Putin apuesta su oro negro en una partida de póker
La contribución de los ingresos por el gas y el petróleo al presupuesto federal de Rusia cayó un 47% en el primer semestre.

La contribución de los ingresos por el gas y el petróleo al presupuesto federal de Rusia cayó un 47% en el primer semestre, hasta 3,4 billones de rublos o 37.338 millones de dólares, con respecto al mismo periodo del año anterior, según los datos publicados por el Ministerio ruso de Finanzas.
Según la información sobre la ejecución presupuestaria, en términos mensuales en junio los ingresos por esta partida cayeron un 26,4%, hasta 528.600 millones de rublos o 5.836 millones de dólares en comparación con el mes anterior.
Según el último informe de S&P Global, las ventas de crudo al exterior por parte de la nación euroasiática han caído en junio un 10% llevando las exportaciones marítimas a los 3,46 millones de barriles diarios, la peor cifra desde febrero. Así lo ha publicado El Economista, que destaca que Rusia sigue en su camino para reducir producción de petróleo y ya empieza a recortar de forma clara los envíos al extranjero.
Según el mismo medio, los expertos aseguran que estos datos reflejan que Rusia se enfrenta a una caída de producción más cercana a los 500.000 barriles diarios, como adelantó hace un mes.

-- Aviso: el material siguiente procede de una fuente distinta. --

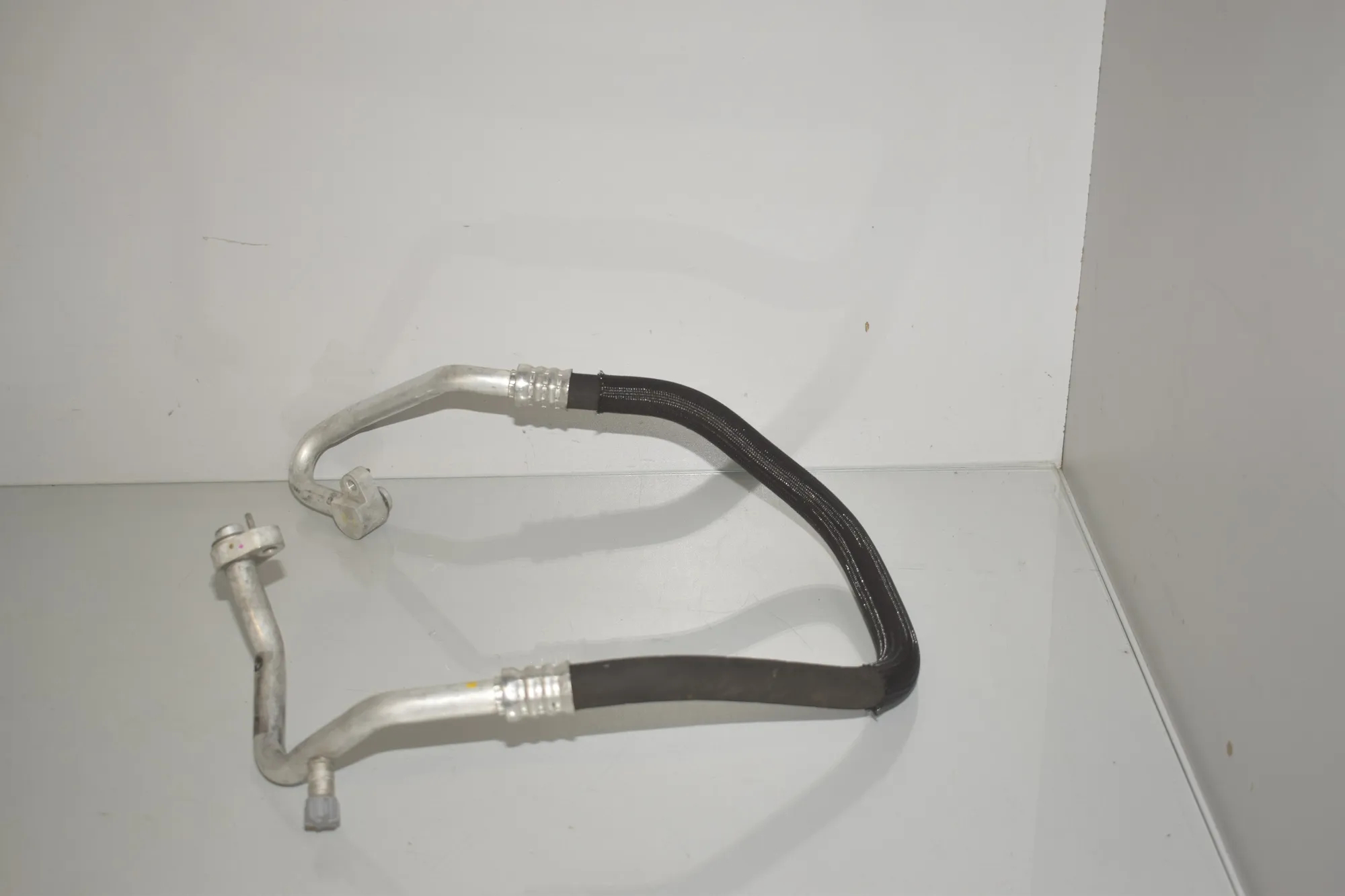A/C Air Con Hose Pipe – OEM 9354546 · BMW X3 (G01, F97) (2017 - -) xDrive 30 e Plug-in-Hybrid 2022 – 2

Desde el Departamento de Energía de EEUU afirmaban que bajarían su producción en 300.000 barriles diarios por problemas de mantenimiento en sus refinerías.

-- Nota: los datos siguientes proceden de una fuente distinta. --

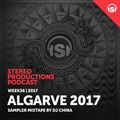 WEEK36_17 Algarve (VA) 2017 Mixtape by DJ China (PT)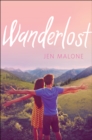 Wanderlost - eBook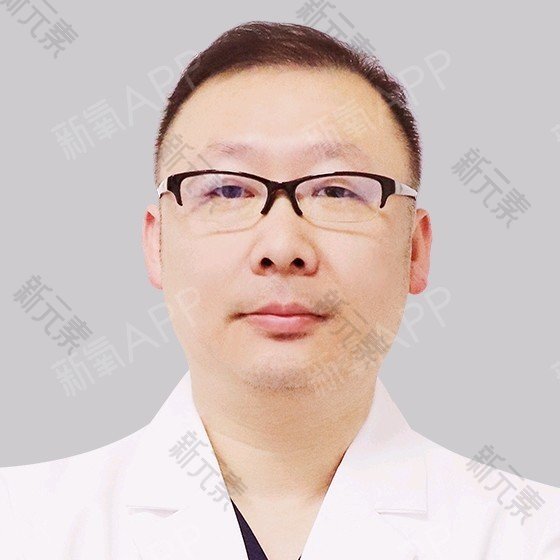石家庄中诺口腔医院聂鑫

Rusia y Occidente llevan desde el comienzo de la guerra en Ucrania jugando una partida póker con este materia prima, resaltan. "A pesar de que la UE y Estados Unidos querían golpear a las principales exportaciones de Rusia y sustituir los barriles que llegaban a Europa, un movimiento demasiado agresivo podía provocar un golpe sin precedentes en el mercado energético mundial", añaden.
Ante esto, Europa estableció embargos parciales del crudo. En el sexto paquete de sanciones de la UE se acordó la prohibición parcial de compra del petróleo ruso. Finalmente, el pasado febrero acordaron imponer un tope de 100 dólares para derivados del petróleo y de 45 dólares para el barril.